And he pointed out that the non-energy side of the Canadian economy is gaining steam, buoyed by those lower interest rates and the cheaper Canadian dollar.

Vast swaths of non-energy exports are in full recovery mode, according to a separate analysis of more than 4,000 exports, also released Wednesday by the bank. Exports of hundreds of items, including building products, aerospace and fabricated metal, have grown by at least 10 per cent a year since the recession.

"These findings suggest that the export recovery is taking hold and the Canadian export sector is showing some rebuild since the Great Recession," the report said.

Mr. Poloz, who was appointed by the Conservatives in 2013, also said he looks forward to working with the incoming Liberal government. But he deflected questions about the impact of prime-minister-designate Justin Trudeau's promise of three years of deficits to fund a mix of infrastructure spending and tax cuts.

"We'll just have to just wait and see," he said. "Stay tuned."

The bank's more sober outlook could delay eventual interest-rate hikes in Canada, just as the U.S. Federal Reserve appears poised to start raising rates. This could push the Canadian dollar even lower as investors seek higher returns in the United States.
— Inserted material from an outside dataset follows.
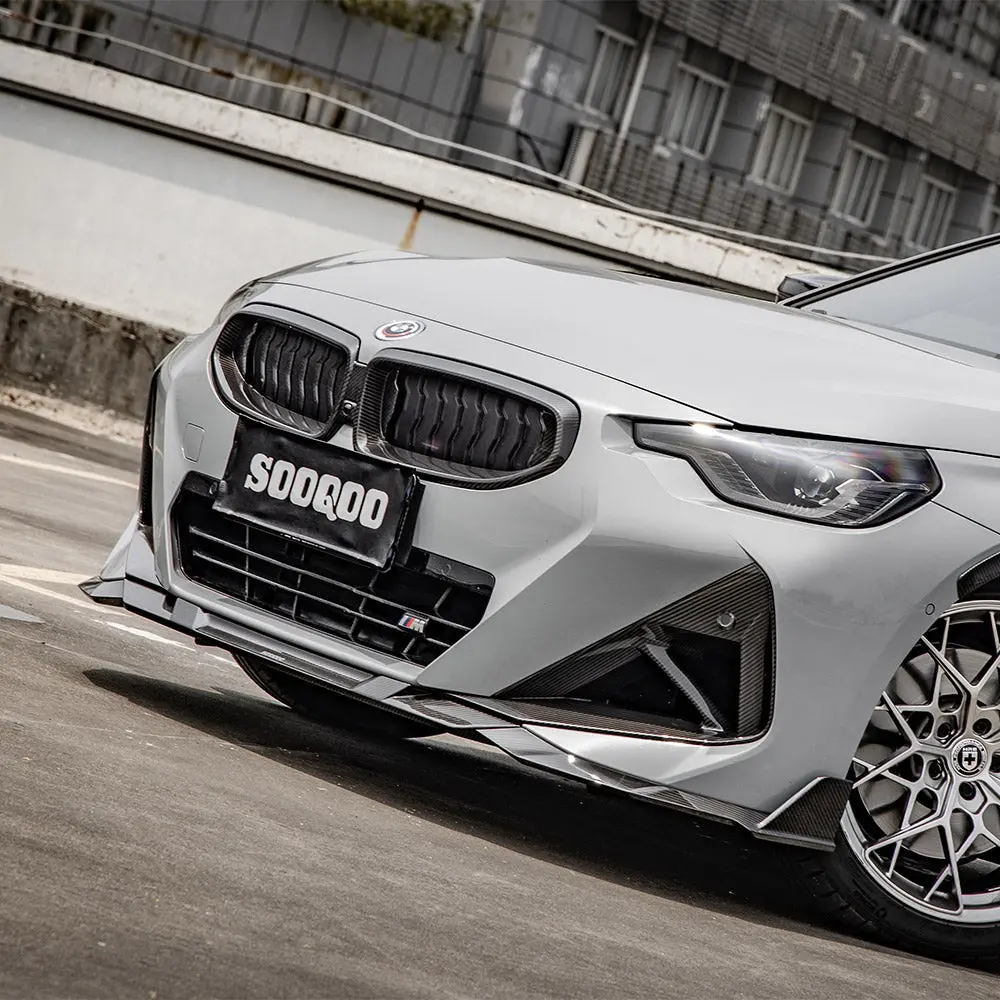 Sooqoo Bmw 2 Series G42 Front Lip 2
The Canadian dollar fell sharply following the release of Wednesday's downgraded forecast, closing down 0.91 (U.S.) of a cent to 76.24 cents.

In July, the bank lowered its forecast for gross domestic product growth this year to 1.1 per cent from 2 per cent after the first-half stall.
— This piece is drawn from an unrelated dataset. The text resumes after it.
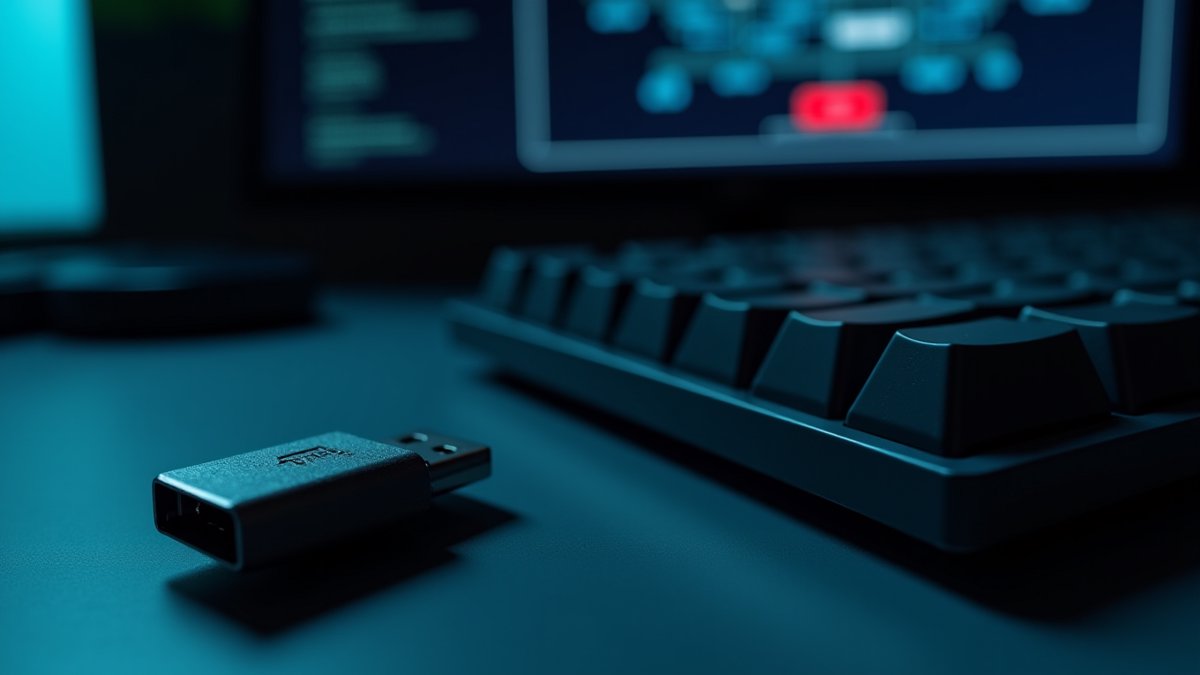 Counterfeit USB drives with malware breach Japanese military networks after year-long infection.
More worryingly, the Bank of Canada warned that the potential growth rate of the economy may be weaker than expected because of "capacity destruction," some of which may never come back. The result is that the potential growth of the economy is "likely to be in the lower part … of estimates" this year and next.

The price of crude had started to recover in recent months, but has since retreated again, hovering at around $45 a barrel.

The bank also acknowledged that economic "slack" has increased this year, delaying a return to full capacity – an indicator of when the central bank may need to push up interest rates. It now estimates that the economy won't reach full capacity until "around mid-2017."

Toronto-Dominion Bank economist Leslie Preston now expects the Bank of Canada to stay "comfortably on the sidelines" until the second half of 2017.

Over the past year, the bank has steadily pushed back the target date for when the economy will be firing on all cylinders – from early 2016 to mid-2017 now.